Preventing Electrostatic Discharge Damage
Many switch hardware components are sensitive to damage from static electricity. Some components can be impaired by voltages as low as 30 V. You can easily generate potentially damaging static voltages whenever you handle plastic or foam packing material or if you move components across plastic or carpets. Observe the following guidelines to minimize the potential for electrostatic discharge (ESD) damage, which can cause intermittent or complete component failures:
- Always use an ESD wrist strap or ankle strap, and make
sure that it is in direct contact with your skin.
Caution: For safety, periodically check the resistance value of the ESD strap. The measurement must be in the range of 1 through 10 Mohms.
- When handling any component that is removed from the chassis, make sure the equipment end of your ESD strap is attached to the electrostatic discharge points on the rear panel of the chassis (see Figure 1 and Figure 2).
- Avoid contact between the component and your clothing. ESD voltages emitted from clothing can damage components.

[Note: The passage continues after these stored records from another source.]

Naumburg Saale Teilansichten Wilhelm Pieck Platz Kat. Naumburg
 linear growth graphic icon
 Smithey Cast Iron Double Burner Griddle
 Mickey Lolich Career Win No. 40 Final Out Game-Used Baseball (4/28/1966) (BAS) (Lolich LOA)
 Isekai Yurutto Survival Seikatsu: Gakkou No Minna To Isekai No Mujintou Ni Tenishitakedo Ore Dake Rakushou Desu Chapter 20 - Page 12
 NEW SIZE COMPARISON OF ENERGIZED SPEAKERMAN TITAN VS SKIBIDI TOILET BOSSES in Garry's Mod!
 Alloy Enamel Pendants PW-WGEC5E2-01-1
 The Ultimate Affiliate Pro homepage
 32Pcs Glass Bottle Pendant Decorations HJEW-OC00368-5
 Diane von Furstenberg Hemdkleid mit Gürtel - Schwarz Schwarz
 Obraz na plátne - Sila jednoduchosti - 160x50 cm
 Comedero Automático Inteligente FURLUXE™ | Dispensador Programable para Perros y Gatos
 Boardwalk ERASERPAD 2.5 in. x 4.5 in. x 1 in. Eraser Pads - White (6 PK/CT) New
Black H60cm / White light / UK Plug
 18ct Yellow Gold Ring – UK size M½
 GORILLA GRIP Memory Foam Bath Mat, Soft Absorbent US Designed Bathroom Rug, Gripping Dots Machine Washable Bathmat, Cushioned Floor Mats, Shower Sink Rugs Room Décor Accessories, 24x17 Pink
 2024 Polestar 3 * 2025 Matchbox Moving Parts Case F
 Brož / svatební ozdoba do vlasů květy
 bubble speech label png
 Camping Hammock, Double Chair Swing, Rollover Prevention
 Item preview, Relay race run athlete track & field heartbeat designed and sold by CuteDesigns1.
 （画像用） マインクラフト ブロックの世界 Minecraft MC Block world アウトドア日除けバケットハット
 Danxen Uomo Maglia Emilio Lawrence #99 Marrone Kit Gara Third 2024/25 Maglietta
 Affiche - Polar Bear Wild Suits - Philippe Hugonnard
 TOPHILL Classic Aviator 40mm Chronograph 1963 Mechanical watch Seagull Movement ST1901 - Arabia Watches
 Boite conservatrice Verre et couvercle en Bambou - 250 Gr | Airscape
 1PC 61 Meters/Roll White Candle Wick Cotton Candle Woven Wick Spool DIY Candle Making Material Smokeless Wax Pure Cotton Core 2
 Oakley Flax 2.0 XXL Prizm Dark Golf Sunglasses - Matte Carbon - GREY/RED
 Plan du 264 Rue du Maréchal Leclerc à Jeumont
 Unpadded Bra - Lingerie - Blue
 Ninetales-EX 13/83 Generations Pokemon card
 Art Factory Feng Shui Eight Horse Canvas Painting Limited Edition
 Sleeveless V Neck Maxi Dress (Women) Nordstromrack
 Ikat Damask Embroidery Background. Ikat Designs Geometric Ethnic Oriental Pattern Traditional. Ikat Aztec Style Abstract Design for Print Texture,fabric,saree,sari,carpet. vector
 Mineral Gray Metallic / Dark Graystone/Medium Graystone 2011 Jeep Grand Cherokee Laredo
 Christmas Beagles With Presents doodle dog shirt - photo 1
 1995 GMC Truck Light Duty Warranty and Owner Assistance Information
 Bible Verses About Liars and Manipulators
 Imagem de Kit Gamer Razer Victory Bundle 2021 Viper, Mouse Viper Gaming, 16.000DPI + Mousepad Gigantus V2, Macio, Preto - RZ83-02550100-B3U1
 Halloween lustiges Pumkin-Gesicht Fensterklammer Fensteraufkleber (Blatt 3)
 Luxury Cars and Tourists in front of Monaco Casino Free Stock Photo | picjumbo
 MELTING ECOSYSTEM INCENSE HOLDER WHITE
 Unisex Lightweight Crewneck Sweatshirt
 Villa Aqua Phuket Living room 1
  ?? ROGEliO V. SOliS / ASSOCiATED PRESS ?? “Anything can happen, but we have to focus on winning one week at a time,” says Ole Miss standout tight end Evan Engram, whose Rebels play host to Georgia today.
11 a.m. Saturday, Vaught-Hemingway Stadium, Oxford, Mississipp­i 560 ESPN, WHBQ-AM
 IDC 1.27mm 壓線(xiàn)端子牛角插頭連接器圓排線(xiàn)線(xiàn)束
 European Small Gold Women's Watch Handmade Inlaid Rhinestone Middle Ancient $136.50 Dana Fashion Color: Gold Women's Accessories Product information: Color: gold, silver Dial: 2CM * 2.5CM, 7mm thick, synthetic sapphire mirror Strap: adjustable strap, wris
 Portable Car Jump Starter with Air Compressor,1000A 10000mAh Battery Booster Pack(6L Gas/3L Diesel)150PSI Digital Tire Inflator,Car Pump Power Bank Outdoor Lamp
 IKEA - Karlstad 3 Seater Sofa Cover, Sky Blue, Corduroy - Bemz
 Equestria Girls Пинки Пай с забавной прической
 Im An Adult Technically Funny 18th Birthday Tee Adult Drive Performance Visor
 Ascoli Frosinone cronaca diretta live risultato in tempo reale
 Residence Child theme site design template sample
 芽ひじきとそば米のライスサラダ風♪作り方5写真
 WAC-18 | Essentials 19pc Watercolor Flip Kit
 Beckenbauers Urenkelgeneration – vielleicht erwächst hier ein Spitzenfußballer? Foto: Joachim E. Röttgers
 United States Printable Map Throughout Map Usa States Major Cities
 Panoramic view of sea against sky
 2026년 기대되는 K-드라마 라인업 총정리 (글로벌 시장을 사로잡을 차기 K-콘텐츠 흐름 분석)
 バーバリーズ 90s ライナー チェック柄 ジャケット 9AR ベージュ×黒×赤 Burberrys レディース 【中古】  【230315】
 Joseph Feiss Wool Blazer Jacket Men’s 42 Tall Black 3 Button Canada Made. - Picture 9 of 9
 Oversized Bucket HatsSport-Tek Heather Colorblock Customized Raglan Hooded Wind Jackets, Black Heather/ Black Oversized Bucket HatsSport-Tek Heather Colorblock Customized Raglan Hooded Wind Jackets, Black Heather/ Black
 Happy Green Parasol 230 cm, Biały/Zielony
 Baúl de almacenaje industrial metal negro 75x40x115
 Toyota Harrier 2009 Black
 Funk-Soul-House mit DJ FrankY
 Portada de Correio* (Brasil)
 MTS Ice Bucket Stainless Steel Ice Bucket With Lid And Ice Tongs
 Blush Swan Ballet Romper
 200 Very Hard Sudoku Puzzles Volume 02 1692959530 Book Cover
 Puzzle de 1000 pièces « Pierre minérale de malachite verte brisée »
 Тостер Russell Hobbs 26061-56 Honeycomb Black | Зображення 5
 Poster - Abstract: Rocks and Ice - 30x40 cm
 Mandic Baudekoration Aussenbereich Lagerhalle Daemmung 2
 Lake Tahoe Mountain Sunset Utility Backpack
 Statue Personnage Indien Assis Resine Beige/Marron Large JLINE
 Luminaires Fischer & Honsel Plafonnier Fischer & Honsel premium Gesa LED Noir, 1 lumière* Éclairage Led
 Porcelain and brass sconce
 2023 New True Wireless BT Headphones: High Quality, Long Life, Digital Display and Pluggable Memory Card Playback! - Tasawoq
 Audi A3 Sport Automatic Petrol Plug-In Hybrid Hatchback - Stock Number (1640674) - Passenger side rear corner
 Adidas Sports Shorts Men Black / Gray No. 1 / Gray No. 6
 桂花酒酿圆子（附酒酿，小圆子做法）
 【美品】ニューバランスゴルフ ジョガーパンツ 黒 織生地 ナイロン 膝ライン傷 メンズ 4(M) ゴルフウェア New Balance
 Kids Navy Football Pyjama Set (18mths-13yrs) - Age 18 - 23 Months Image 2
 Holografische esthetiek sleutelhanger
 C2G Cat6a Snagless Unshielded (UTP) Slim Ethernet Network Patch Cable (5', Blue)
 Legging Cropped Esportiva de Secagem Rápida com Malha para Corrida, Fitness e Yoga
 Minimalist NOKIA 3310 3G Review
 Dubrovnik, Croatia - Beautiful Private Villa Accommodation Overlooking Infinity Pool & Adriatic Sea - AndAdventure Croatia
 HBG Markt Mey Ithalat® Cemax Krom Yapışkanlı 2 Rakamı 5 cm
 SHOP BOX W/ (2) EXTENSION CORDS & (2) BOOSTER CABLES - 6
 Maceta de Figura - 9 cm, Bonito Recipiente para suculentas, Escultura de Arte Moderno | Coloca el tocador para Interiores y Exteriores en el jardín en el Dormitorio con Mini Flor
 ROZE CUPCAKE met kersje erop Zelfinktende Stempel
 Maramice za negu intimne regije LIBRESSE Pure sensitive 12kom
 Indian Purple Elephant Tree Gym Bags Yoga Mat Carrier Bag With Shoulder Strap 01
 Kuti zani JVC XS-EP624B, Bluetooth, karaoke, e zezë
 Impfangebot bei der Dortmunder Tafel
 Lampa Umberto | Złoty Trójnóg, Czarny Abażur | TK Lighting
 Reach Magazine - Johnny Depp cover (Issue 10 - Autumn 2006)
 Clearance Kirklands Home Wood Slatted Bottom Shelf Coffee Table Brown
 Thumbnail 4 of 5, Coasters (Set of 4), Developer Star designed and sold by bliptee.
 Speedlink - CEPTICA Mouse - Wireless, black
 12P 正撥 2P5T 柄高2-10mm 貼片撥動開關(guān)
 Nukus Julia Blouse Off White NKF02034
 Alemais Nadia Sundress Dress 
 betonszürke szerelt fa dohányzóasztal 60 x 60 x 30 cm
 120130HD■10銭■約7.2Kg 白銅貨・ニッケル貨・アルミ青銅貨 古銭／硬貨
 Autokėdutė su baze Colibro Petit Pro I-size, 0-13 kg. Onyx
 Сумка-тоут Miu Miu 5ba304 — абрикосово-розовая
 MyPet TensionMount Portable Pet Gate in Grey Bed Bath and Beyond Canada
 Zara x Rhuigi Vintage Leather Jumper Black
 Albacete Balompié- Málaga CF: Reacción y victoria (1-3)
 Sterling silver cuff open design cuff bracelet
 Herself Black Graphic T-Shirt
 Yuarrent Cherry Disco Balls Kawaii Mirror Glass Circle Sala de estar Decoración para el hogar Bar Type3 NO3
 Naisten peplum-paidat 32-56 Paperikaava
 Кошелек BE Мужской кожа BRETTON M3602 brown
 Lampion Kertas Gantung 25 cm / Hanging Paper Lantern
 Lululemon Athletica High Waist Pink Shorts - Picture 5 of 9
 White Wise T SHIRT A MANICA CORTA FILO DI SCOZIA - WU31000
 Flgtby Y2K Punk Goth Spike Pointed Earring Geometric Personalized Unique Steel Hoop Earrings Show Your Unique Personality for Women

- When removing or installing a component, always place
it component-side up on an antistatic surface, in an antistatic card
rack, or in an electrostatic bag (see Figure 3). If you are returning a component, place it in an electrostatic
bag before packing it.
Figure 1: EX 3200 Switch Rear Panel
Figure 2: EX 4200 Switch Rear Panel
Figure 3: Place a Component into an Electrostatic Bag
Note: ANSI/TIA/EIA-568 cables such as category 5e and category 6 can get electrostatically charged. In order to dissipate this charge, always ground the cables to a suitable and safe earth ground before connecting them to the system.